### DATA PROVIDED
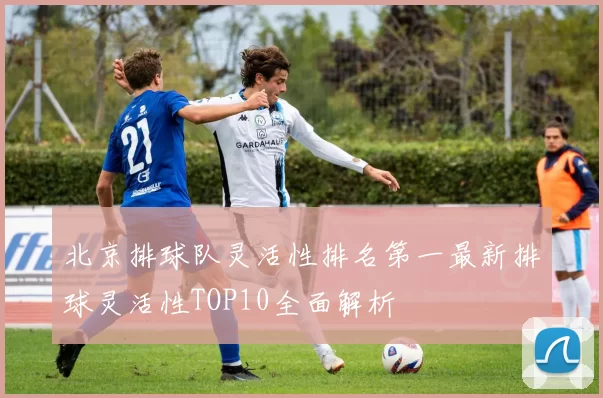 北京排球队灵活性排名第一最新排球灵活性TOP10全面解析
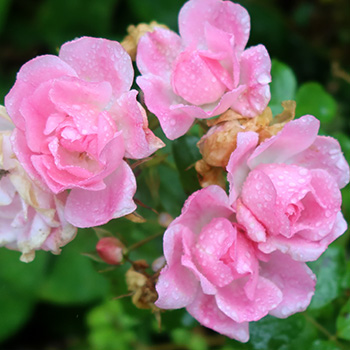  Flowering late. 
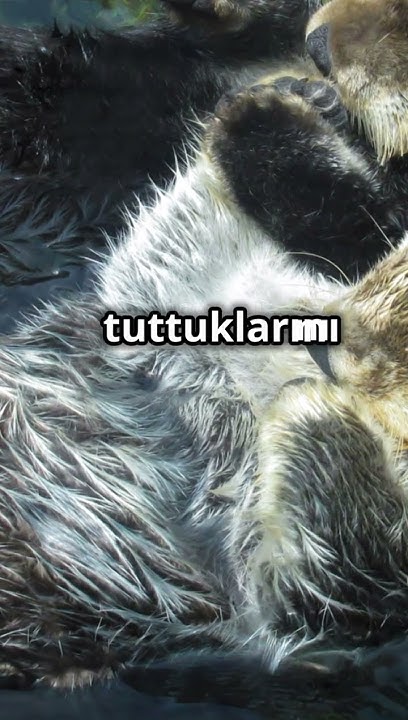 SU SAMURLARI #animals #animalshorts - YouTube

### EXERCISE BRIEF
Output the whole of the data, unchanged; keep the pictures out.

### RESPONSE FOR THIS EXERCISE
 北京排球队灵活性排名第一最新排球灵活性TOP10全面解析
  Flowering late. 
 SU SAMURLARI #animals #animalshorts - YouTube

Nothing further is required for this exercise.